Entre las novedades destacables de la reglamentación tenemos
que a las personas contratadas por más de 32 horas semanales habrá que
pagarles el salario en una cuenta bancaria especial mediante depósito o
transferencia. Dada la facilidad que existe hoy para acreditar los fondos por
transferencia, éste es un recaudo positivo. En cualquier caso, la trabajadora
podría reclamar el pago en efectivo. La cuenta "de ahorro salarios"
no puede generar costo alguno para la trabajadora, y el banco debe otorgarle
sin cargo una tarjeta para cobrar los fondos en un cajero automático, también
sin costo alguno.
Otra novedad es la obligación de contratar una cobertura de
riesgos del trabajo en una de las ART habilitadas, que a su vez no podrán
rechazar ninguna de las coberturas solicitadas. Con esta norma, las
trabajadoras están protegidas por enfermedades y accidentes inculpables (los
ajenos al trabajo), por maternidad y, ahora, por cualquier evento dañoso
originado por el hecho o en ocasión del trabajo, sean estos accidentes
ocurridos en el ámbito laboral y las enfermedades profesionales contraídas
sobre la base de la causalidad directa con el trabajo realizado.

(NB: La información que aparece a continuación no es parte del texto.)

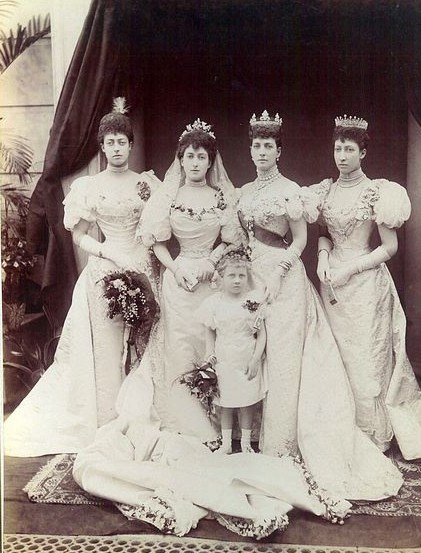 duchessoflancaster:  queenvictoriasfamily:  Maud of Norway’s wedding  LOOK AT VICTORIA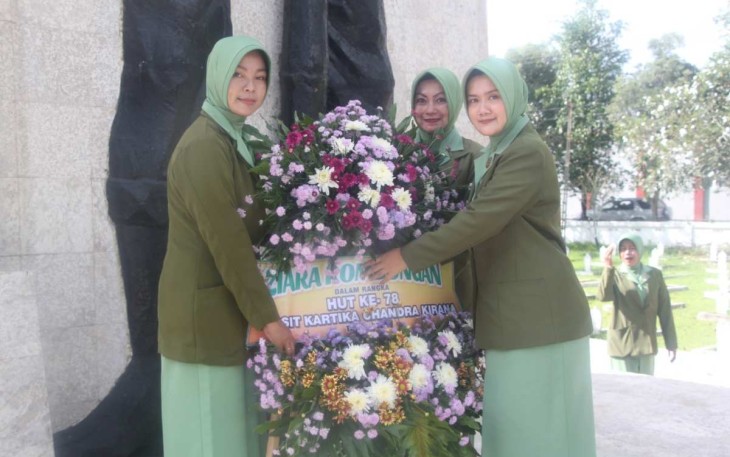 Ziarah dan Tabur Bunga di TMP Rejoagung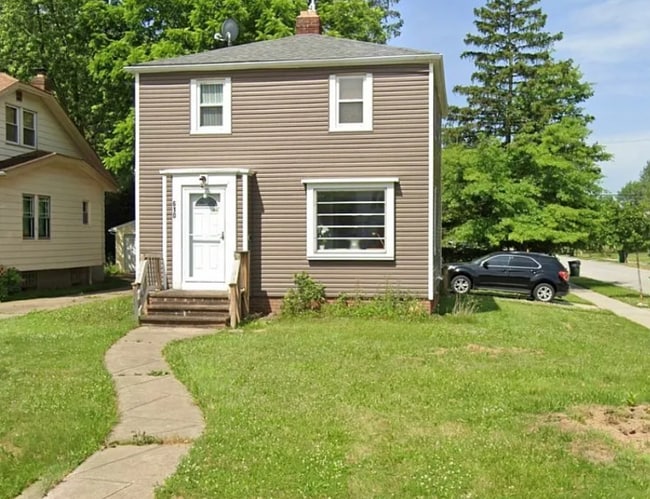 property at 610 E 266th St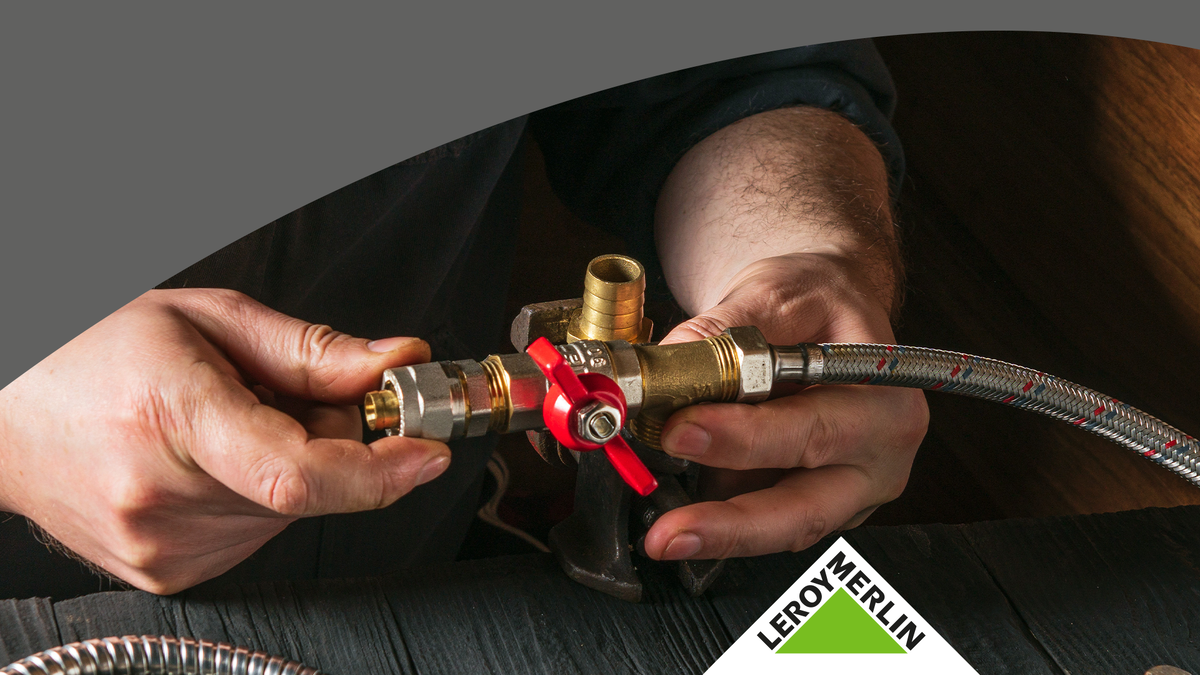 Латунный фитинг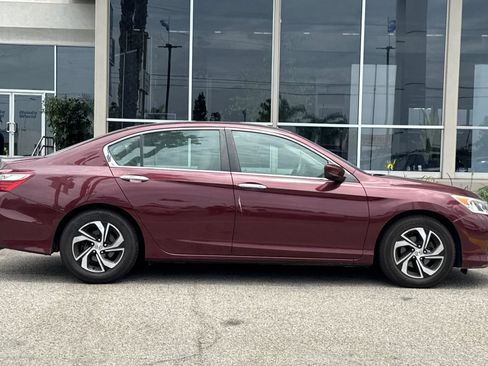 Used 2016 Honda Accord LX image 4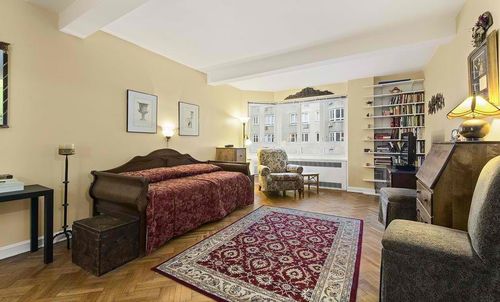 Primary Photo - 338 W 57th St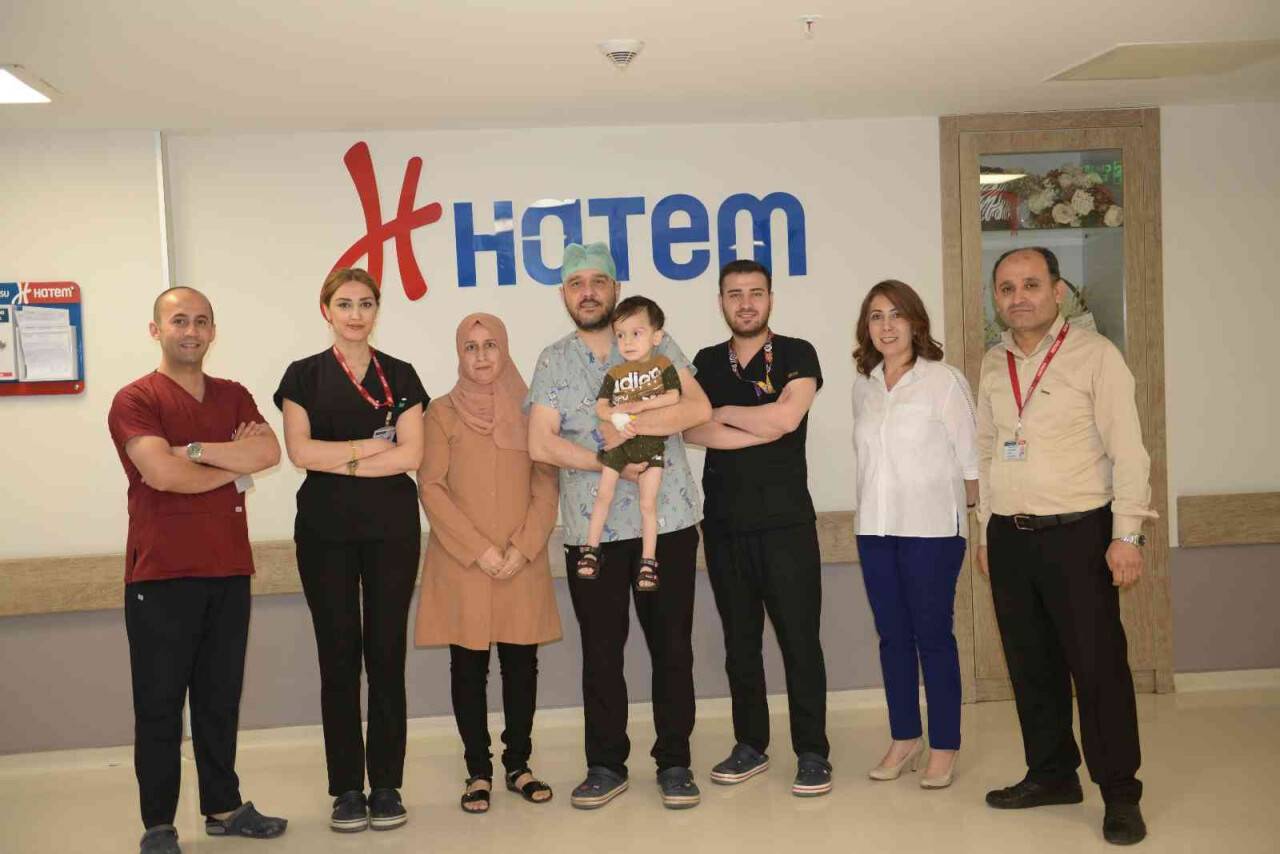 Su bile içemeyen Iraklı Ali artık beslenebiliyor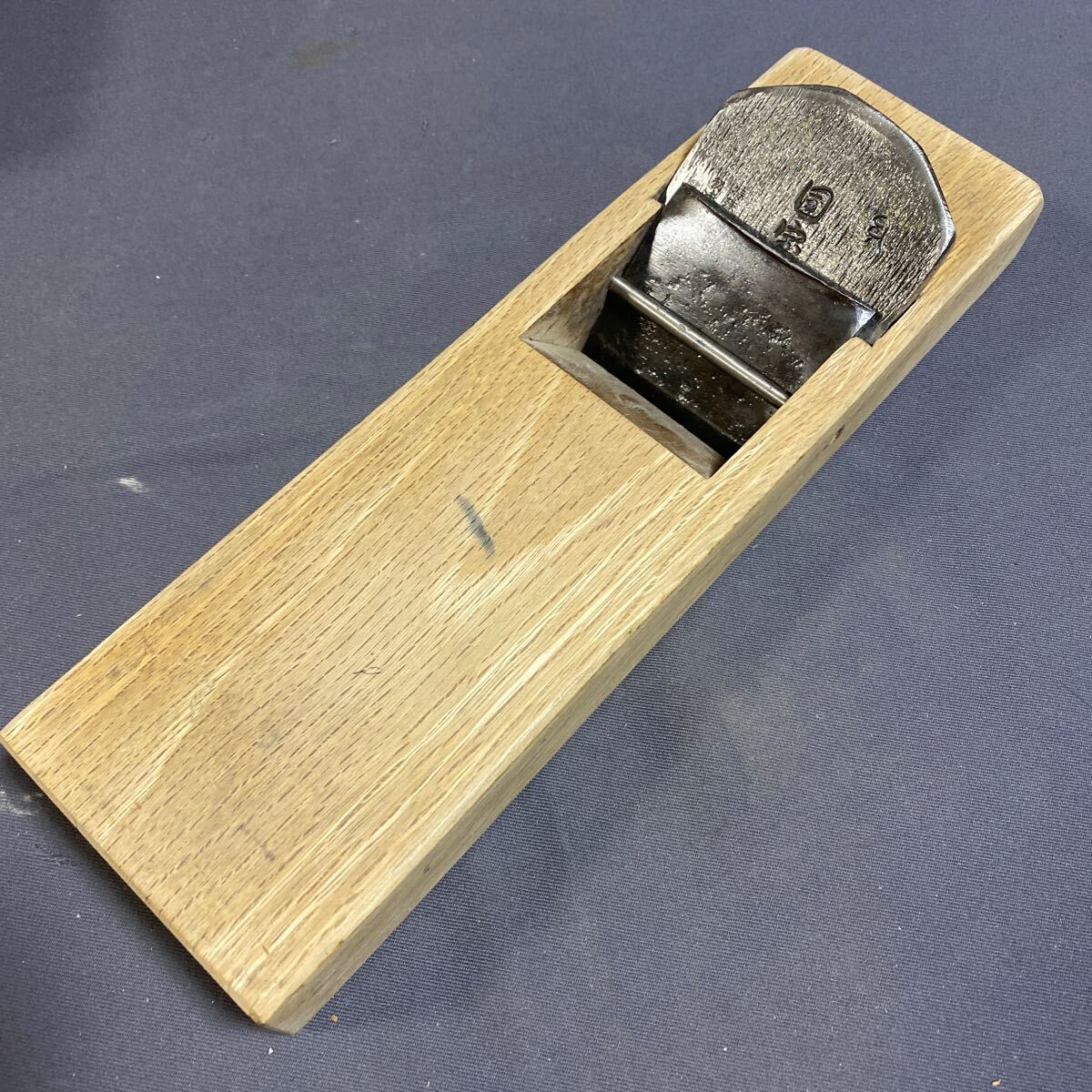 即決 国宝 平鉋 身幅72mm 即使用可 japanese plane woodwork №7429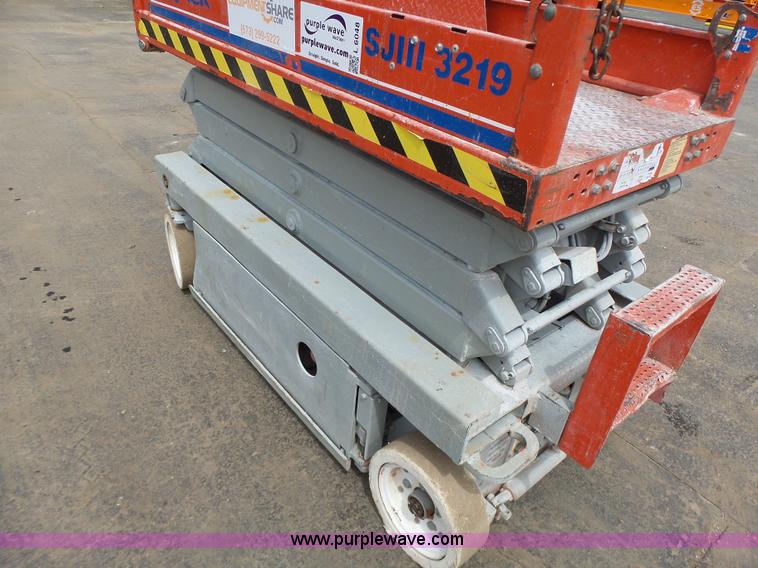 image for item L6048 2008 Skyjack 3219 scissor lift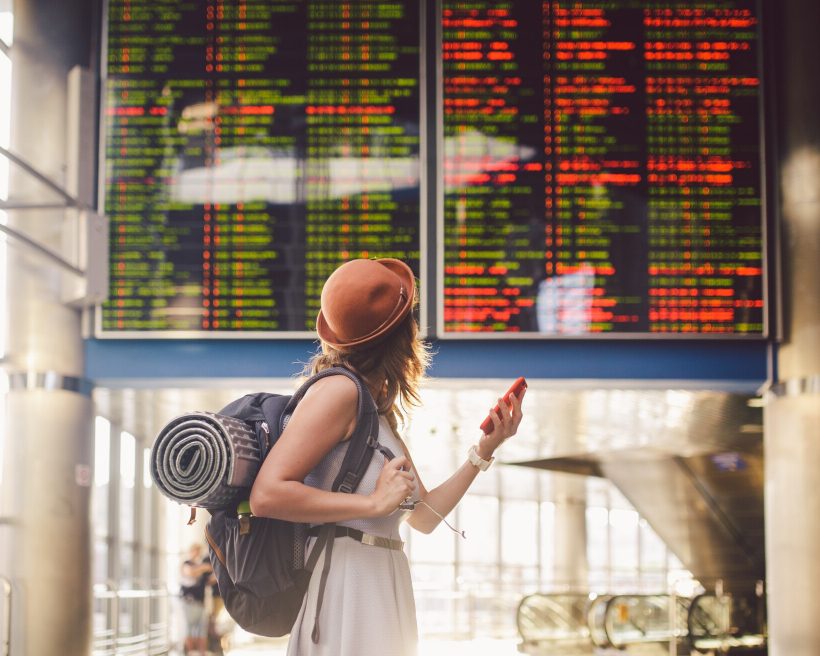 How KAYAK Price Alerts get you the best travel deals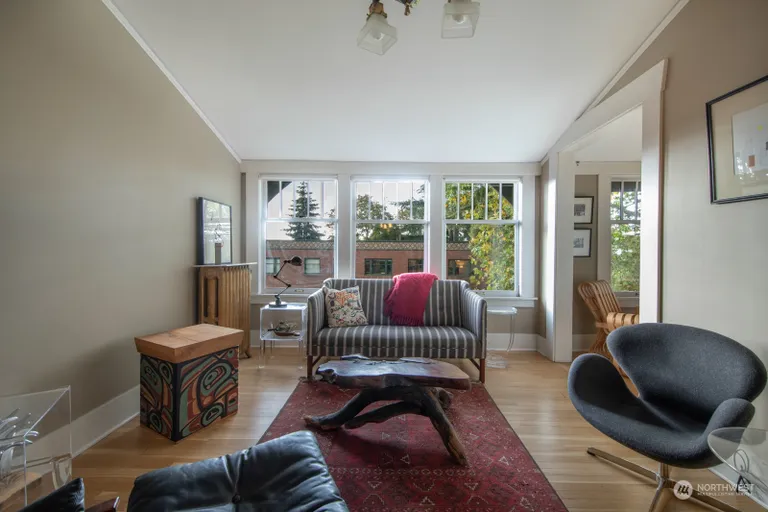 1804 E Republican 10, Seattle, WA 98112 Property for sale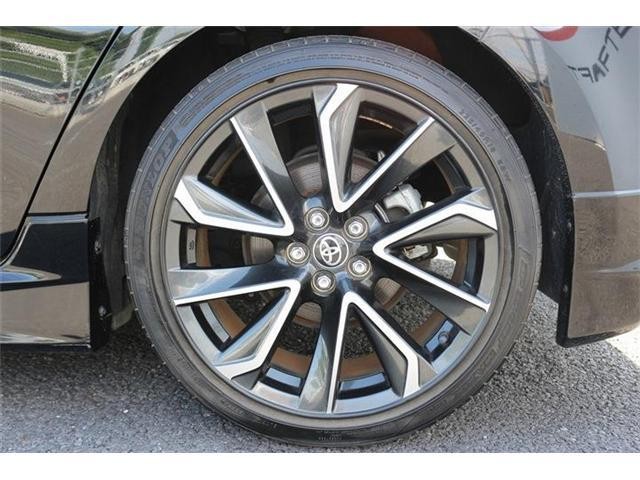 27066780_carP_l_8.jpg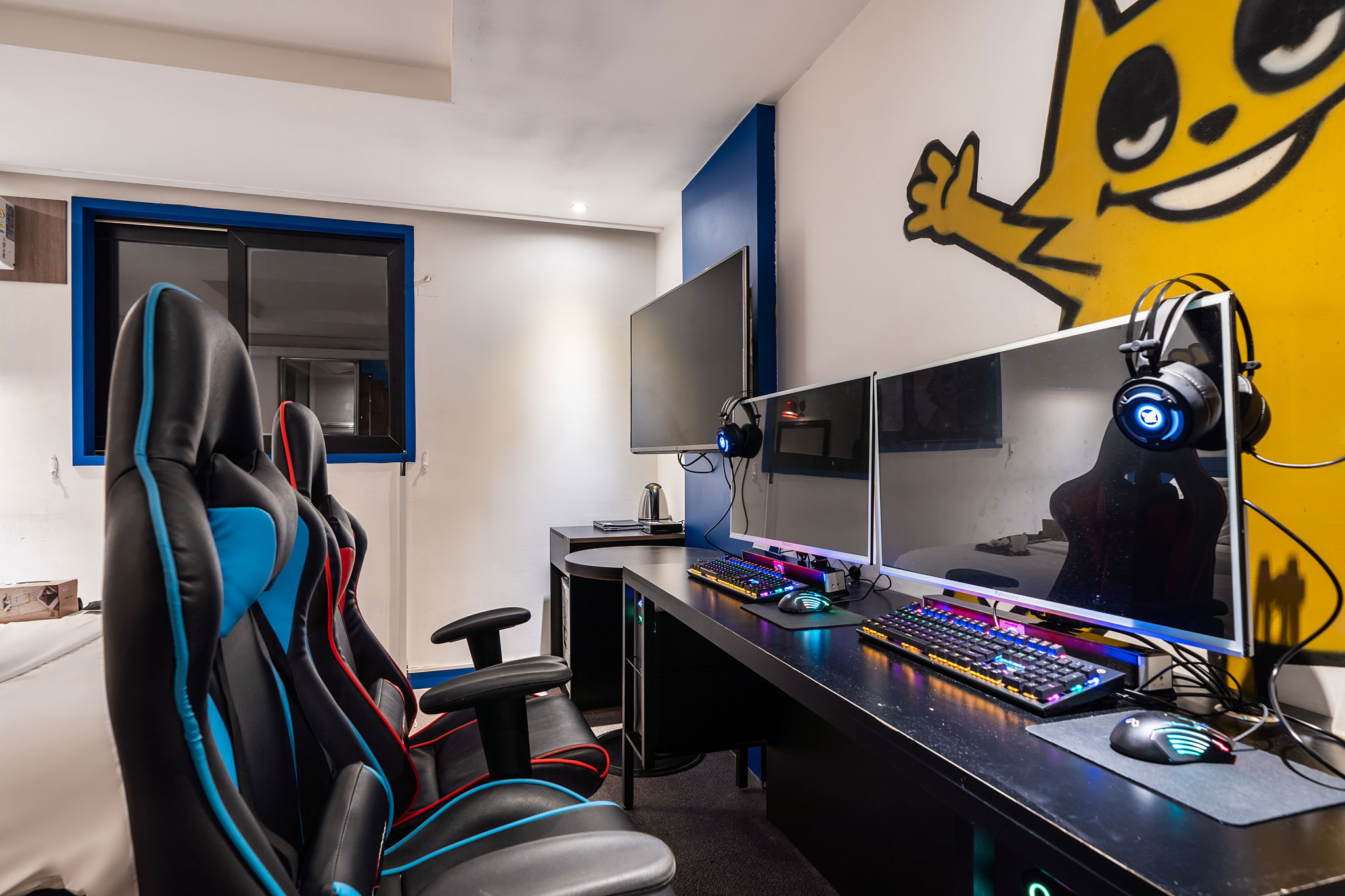 room detail thumbnail 1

La carencia
de normas específicas difiere sine
die la operatividad de esta
cobertura a que se dicten por parte de los entes de contralor las normas
reglamentarias pertinentes.
El monto que habrá que pagar a la ART para lograr esta
cobertura será determinado por la Superintendencia de Riesgos del Trabajo. A
su vez, seguramente se dictarán normas de prevención de riesgo dentro del
hogar para evitar accidentes o enfermedades originadas en las condiciones de
trabajo y en las instalaciones y el equipamiento domésticos. La
reglamentación puntualiza que la inscripción, la elección de la ART y el pago
de la cobertura serán simplificados por el ente de contralor para facilitar
su implementación desde la órbita doméstica. Con esta novedad se incorpora un
nuevo costo que seguramente desalentará en alguna medida la inscripción
formal de estos trabajadores. En rigor, la norma debió haber incluido algún
mecanismo que incentive la registración de estos trabajadores y no lo hizo.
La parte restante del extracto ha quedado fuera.